Um bebé  é precioso, sim! Mas desequilibra qualquer mãe. E remexe-a, por dentro. E leva-a a questionar quase tudo: se é boa mãe; se tem competências para ser mãe; se é assim tão engraçado e tão inquestionável ser mãe; se o seu amor pelo pai do bebé não é um “faz de conta que foram felizes para sempre” maior do que alguma vez tinha imaginado; se a sua família e os seus amigos não são, vezes demais, um “erro de casting”; e se tudo aquilo que ouve e que lê sobre mães e bebés não a fazem sentir “a pior mãe do mundo”. Porque naquilo que se escreve sobre as mães é tudo fácil, simples, “lindo de morrer”, cor de rosa, e há “corpos de modelo” dois meses depois do bebé nascer, e há mães e pais apaixonados um pelo o outro e pelo seu bebé, e não há mães mas super-mães. O que é que resta a uma mãe? O gosto de todos lhe dizerem que o seu bebé é lindo e perfeitinho, mesmo quando, por vezes, ela acha que não. E o direito a chorar – devagarinho! – por culpa do seu cansaço, claro. Ou, sempre que ousa falar um pouco mais da sua tristeza “por sinais de fumo”. Quando confidencia, por exemplo, acerca do  medo do seu leite “não ser bom”. Que logo merece um: “Não sejas tola. Sim?…”. Em tudo o resto, salva-a o bebé!

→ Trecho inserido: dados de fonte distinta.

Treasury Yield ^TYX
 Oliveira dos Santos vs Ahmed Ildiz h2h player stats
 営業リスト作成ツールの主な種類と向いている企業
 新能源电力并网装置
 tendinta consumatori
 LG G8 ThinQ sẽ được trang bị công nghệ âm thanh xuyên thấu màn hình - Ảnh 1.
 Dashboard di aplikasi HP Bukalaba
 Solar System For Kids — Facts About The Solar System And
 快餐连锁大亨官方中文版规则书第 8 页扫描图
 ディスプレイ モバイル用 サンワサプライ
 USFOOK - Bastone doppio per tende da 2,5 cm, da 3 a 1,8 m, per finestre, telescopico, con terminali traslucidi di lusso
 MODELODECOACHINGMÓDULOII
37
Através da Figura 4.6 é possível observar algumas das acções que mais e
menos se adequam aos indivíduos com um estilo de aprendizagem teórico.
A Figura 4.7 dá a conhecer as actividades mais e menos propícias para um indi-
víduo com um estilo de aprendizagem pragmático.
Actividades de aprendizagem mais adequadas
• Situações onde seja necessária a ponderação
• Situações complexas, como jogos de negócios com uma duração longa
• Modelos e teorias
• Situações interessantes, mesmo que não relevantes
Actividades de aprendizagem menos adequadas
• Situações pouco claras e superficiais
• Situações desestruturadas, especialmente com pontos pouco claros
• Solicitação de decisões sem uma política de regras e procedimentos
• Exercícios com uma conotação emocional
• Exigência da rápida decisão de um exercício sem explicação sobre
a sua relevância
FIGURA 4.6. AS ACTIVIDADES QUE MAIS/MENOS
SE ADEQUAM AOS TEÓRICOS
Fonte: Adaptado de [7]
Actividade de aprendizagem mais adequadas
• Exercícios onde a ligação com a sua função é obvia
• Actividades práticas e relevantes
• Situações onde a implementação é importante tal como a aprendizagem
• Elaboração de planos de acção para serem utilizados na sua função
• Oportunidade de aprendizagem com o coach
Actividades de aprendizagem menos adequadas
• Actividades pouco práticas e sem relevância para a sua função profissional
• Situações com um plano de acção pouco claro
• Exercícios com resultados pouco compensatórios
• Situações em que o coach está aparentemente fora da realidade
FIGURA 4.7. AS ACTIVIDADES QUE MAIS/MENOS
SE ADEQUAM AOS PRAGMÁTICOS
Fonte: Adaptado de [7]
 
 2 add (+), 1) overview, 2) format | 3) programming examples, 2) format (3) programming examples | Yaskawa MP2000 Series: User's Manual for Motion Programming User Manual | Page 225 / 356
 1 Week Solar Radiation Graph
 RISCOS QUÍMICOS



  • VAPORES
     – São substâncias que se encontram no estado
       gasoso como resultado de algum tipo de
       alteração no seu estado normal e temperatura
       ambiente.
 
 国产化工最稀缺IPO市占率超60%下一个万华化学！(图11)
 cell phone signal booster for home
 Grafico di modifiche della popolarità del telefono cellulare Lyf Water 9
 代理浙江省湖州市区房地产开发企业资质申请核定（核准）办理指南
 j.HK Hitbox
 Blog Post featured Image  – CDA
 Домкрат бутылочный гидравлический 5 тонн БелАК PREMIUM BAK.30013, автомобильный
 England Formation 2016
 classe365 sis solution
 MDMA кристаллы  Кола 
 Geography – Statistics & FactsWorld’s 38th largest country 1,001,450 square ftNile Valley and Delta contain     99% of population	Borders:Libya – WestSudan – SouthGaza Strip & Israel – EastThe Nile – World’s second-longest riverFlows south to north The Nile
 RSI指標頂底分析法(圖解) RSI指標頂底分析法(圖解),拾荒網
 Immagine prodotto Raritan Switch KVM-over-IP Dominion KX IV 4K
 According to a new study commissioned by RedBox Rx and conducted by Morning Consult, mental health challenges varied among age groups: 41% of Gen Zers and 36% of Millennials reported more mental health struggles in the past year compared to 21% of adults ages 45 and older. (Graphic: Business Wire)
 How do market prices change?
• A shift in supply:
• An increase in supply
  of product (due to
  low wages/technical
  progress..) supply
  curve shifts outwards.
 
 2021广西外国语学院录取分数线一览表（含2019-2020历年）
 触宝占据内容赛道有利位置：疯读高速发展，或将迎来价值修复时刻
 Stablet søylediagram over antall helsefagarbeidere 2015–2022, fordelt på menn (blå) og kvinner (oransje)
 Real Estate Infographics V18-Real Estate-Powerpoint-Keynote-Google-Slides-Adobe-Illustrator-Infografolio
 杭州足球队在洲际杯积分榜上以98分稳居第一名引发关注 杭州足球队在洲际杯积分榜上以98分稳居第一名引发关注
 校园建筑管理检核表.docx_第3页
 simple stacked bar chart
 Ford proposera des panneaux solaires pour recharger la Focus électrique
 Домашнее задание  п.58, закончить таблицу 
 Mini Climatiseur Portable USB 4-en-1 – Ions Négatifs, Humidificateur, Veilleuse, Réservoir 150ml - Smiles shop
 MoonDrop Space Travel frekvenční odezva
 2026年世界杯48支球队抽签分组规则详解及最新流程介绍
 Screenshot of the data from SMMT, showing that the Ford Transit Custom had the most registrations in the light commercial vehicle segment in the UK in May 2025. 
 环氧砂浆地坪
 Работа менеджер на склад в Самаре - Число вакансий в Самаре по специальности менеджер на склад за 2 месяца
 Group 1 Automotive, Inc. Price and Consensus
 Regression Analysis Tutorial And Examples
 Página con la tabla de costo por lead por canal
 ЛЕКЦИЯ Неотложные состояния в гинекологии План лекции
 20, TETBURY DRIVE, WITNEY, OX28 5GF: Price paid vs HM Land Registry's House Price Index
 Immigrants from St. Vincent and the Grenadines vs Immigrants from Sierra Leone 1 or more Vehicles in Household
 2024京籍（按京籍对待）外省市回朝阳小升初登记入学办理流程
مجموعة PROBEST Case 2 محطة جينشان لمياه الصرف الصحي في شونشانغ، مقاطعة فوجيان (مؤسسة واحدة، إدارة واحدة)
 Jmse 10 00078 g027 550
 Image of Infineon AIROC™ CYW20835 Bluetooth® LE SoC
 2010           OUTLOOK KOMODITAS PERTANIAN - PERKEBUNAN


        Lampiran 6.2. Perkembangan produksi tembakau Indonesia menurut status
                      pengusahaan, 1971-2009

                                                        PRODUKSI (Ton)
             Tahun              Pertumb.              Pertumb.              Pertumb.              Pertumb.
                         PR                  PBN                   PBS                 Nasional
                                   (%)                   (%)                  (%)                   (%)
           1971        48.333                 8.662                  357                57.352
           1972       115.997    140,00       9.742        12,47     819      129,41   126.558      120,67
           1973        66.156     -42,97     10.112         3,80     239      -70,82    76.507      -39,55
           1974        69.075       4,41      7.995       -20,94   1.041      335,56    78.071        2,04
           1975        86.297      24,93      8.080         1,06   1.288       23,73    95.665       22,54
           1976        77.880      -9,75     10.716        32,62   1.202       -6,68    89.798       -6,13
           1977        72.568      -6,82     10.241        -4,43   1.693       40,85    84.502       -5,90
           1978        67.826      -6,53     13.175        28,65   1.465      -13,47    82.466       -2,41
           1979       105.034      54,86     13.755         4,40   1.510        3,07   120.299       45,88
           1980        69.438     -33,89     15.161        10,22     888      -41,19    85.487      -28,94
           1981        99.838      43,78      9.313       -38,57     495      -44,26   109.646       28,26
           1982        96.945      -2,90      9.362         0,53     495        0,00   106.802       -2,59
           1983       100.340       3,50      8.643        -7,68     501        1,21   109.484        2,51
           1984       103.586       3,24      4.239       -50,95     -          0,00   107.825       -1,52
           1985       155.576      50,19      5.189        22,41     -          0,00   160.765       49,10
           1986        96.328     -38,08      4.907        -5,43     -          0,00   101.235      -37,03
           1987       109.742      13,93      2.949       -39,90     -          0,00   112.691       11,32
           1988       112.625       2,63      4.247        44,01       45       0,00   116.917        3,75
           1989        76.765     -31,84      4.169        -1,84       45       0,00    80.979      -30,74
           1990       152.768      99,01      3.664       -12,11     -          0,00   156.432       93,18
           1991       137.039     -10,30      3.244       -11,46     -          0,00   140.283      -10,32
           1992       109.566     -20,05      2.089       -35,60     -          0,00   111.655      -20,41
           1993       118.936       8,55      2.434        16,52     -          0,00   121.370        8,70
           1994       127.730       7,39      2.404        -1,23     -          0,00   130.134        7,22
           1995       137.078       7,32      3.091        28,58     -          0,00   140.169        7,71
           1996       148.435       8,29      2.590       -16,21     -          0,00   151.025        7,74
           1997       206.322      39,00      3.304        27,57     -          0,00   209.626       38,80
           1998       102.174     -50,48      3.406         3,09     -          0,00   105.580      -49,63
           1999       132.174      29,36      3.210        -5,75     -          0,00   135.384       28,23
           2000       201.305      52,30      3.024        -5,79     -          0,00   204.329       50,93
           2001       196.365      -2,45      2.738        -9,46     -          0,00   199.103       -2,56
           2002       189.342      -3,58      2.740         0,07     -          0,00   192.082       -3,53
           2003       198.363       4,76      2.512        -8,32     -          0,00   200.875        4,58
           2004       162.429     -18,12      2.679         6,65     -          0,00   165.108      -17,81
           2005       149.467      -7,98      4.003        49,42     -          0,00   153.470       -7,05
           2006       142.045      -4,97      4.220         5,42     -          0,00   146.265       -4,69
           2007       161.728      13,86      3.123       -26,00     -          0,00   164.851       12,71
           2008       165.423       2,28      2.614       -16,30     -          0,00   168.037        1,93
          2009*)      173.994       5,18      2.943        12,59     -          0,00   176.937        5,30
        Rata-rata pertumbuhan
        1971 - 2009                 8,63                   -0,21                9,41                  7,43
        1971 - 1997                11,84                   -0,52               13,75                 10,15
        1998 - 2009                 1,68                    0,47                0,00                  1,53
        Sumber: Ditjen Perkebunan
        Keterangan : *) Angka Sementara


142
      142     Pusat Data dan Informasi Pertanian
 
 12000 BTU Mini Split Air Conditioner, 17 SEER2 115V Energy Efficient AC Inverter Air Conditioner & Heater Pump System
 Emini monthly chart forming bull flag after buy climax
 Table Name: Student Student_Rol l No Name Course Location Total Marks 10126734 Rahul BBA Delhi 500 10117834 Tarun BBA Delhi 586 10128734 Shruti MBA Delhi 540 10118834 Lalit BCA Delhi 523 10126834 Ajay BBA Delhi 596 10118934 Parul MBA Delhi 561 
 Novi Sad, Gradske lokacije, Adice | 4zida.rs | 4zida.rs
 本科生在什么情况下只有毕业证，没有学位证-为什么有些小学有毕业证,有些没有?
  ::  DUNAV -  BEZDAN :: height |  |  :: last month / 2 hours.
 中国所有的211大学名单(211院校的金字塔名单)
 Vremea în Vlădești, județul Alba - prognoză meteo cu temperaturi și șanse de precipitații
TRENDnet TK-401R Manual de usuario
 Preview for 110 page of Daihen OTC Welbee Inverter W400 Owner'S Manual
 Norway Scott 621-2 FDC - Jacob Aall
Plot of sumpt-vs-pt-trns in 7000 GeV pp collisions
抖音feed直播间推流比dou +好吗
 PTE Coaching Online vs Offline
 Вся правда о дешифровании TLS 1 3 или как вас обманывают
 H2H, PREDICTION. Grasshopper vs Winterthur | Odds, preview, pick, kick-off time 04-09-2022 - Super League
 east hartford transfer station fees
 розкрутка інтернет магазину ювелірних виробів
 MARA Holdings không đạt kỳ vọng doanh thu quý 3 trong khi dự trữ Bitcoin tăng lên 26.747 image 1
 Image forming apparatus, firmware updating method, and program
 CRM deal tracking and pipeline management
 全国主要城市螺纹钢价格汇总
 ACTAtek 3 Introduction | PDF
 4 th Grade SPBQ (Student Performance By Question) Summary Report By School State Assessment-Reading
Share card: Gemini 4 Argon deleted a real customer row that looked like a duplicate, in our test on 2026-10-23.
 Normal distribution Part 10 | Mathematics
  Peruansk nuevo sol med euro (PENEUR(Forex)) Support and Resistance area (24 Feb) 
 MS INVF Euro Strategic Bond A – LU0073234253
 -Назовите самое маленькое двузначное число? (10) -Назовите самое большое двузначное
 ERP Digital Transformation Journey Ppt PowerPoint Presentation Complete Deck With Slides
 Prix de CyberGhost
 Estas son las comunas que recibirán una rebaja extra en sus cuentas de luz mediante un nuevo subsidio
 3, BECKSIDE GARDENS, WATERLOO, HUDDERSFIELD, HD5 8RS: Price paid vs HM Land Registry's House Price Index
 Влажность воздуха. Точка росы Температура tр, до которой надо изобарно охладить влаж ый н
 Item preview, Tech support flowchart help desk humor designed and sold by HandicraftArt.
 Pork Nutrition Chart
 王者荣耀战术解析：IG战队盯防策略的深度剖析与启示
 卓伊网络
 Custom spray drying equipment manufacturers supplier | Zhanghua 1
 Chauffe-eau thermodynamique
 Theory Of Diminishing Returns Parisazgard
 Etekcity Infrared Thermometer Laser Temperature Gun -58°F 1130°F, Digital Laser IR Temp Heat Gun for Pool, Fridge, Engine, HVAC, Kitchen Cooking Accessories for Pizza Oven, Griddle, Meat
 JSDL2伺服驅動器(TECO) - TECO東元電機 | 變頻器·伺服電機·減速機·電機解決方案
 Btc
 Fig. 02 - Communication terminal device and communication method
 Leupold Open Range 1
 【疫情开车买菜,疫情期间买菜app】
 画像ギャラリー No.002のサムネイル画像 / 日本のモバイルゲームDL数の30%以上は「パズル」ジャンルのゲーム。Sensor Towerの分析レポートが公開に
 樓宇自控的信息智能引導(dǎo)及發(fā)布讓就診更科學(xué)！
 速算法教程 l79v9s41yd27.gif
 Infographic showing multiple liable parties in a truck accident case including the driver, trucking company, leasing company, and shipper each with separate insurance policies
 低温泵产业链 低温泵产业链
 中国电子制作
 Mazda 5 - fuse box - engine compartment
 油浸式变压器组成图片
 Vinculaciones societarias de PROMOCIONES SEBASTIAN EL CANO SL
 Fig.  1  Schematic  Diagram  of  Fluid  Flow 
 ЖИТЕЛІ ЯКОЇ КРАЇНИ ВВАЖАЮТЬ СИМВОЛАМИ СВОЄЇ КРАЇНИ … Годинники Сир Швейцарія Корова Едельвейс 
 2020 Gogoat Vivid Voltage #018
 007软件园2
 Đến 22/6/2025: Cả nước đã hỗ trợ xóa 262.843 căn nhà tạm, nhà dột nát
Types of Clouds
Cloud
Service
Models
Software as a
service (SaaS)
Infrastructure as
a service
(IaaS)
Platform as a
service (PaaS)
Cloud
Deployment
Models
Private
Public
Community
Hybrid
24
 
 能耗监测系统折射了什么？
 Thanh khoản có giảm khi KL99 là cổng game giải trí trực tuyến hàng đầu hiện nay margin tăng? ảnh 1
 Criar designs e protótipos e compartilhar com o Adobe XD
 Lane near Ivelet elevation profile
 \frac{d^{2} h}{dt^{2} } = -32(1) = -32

Se, depois disto, alguém acha que há “mulheres de armas” que passam por um parto e pelos primeiros tempos do bebé como “leoas”, e há mulheres frágeis que, para surpresa das primeiras, se deprimem quando deviam estar felizes, então – desculpem! – é porque há muito poucas pessoas que percebem de mães. E – pior, ainda – serão menos aquelas que falam, de forma clara, da solidão das mães. Exatamente: da solidão das mães! Como se estarem felizes, sentirem-se mágicas, transbordarem de amor e sentirem-se, assustadoramente, sós fossem realidades incompatíveis umas com as outras. Muito pouco próprias das boas mães.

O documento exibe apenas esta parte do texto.